**Excerpted data:**
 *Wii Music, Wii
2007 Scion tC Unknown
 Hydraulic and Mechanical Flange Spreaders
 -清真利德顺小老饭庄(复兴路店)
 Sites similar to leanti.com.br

---

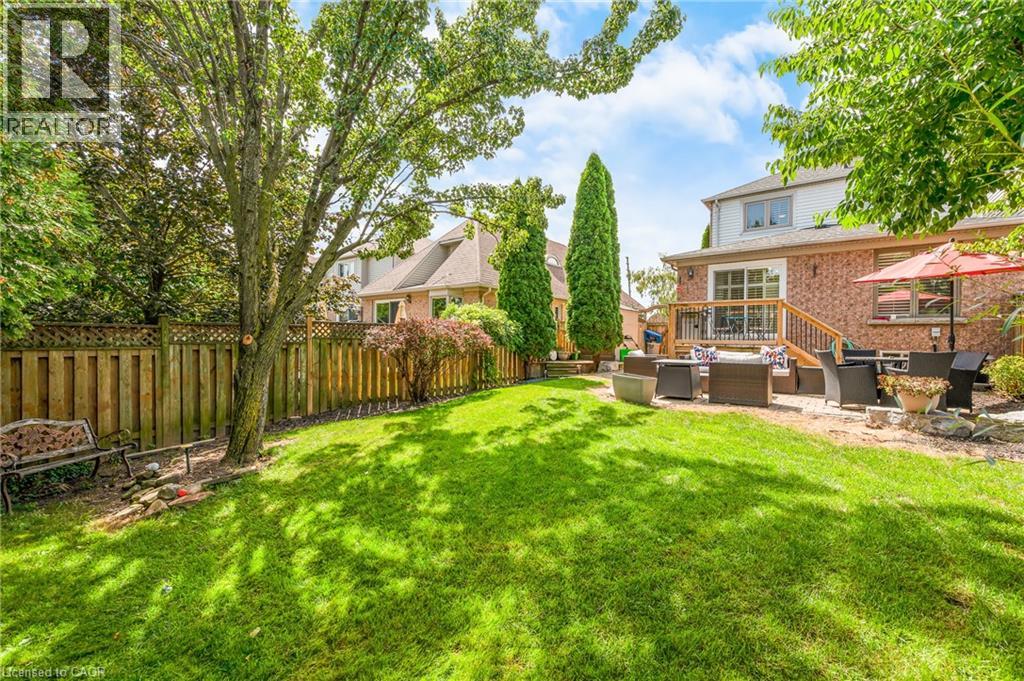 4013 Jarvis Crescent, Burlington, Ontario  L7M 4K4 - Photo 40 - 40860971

==

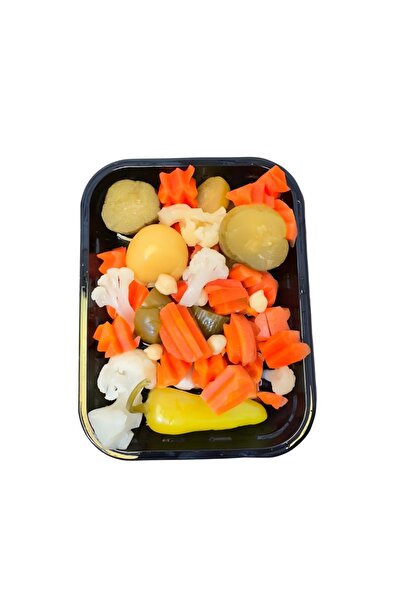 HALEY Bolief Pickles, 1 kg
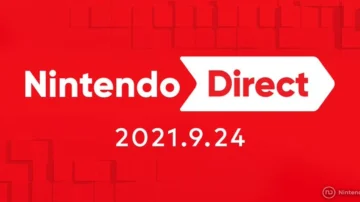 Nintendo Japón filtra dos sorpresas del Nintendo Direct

**How to complete this task:** Using the data above, extract exactly the lines from the one that holds "2007 Scion tC Unknown" to the one that holds "Sites similar to leanti.com.br", both ends included, and no others.

**Solution to this exercise:**
2007 Scion tC Unknown
 Hydraulic and Mechanical Flange Spreaders
 -清真利德顺小老饭庄(复兴路店)
 Sites similar to leanti.com.br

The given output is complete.